You do need a high symbol rate because otherwise the cost of putting the next packet on the wire is itself an intolerable delay. you can only put a 1500 byte packet on 256Kb/s dsl every 47ms or so. at 1.5Mb/s it's every 8ms at 22Mb/s it's one every .5ms... People pay proportionality more to get semi-deterministic low-latency. unfortunately there aren't a low of products offered specifically cater to that market. You get your choice of 8/768 cable 6/768 dsl or maybe fios if you happen to be in the right market.
What "parts of the world" have long since upgraded to those speeds - and how do they compare size-wise to the USA? We've got an awful lot of legacy infrastructure that would need to be overcome.
Japan has, for one. Definitely a size difference. In US metropolitan areas we are seeing a lot more fiber to the home. The cost will never be justified in US rural areas. Just look at Oklahoma. Most connectivity in Oklahoma will actually be from Dallas or Kansas City.
I will happily agree that it would be nice to have higher upload speeds than DSL generally provides nowadays. What are cable upload speeds like?

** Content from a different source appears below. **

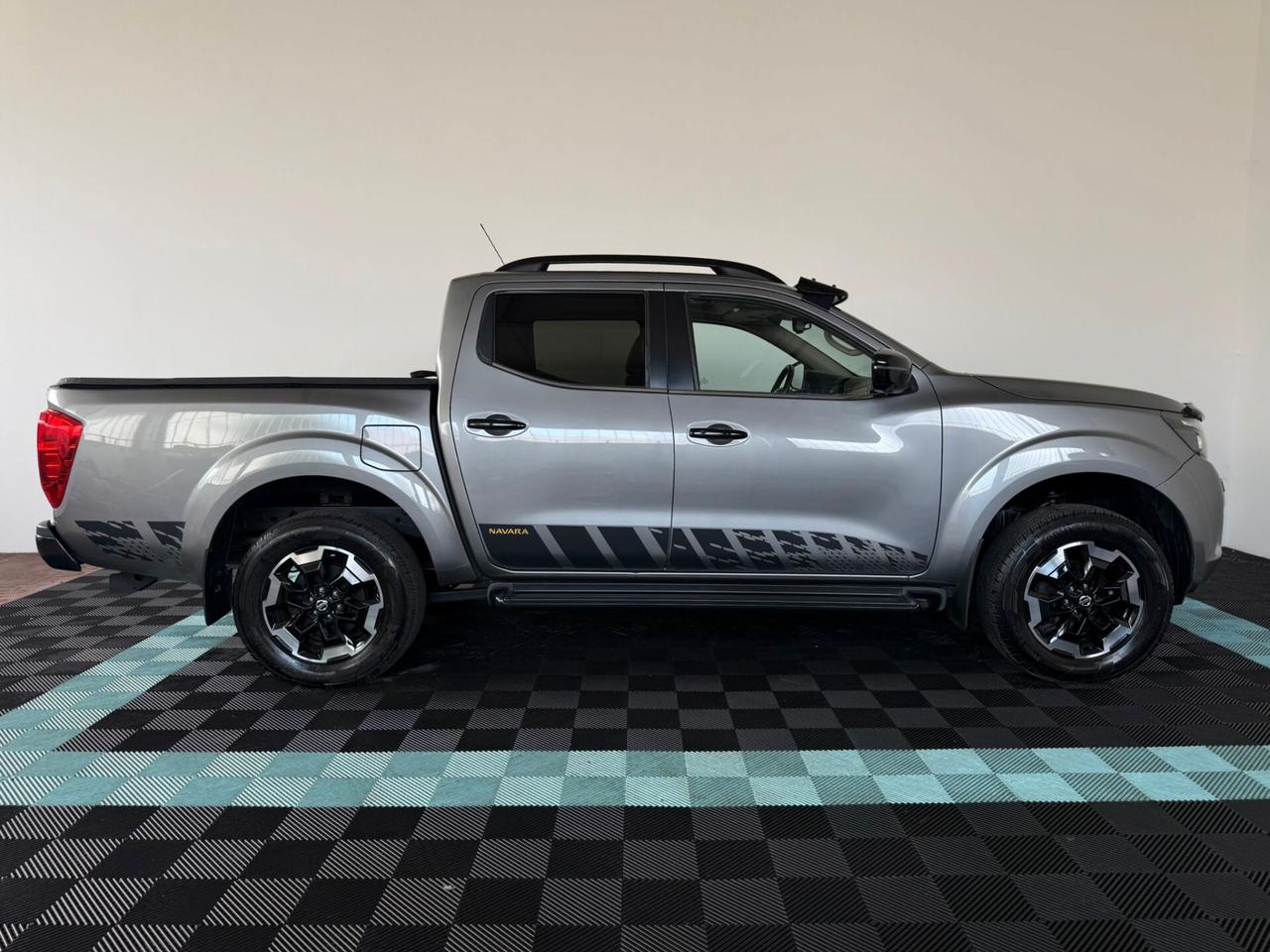 Nissan Navara 2.3 dCi 190 CV 7AT 4WD DC N-Guard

I would like to blame the idiots that decided that of the signal range to be used on copper for dsl, only a certain amount would be dedicated to upload instead of negotiating. What on earth do I want to do with 24Mb down and 1Mb up? Can't I have 12 and 12? Someone please tell me there's a valid reason why the download range couldn't be variable and negotiated and that's it's completely impossible for one to have 20Mb up and 1.5 Mb down.
VDSL2 ITU G.993.2 supports variable and symmetric negotiation of rates. obviously distance is a factor, cause you're down to ~50Mb/s at 1000 meters. at&t and bell south, now at&t and at&t had vdsl rollouts that could in theory be upgraded to vdsl2. If you were in helsinki, I know Päijät-Hämeen Puhelin (php.fi) would sell you 100/24 vdsl2 for around 80euro a month.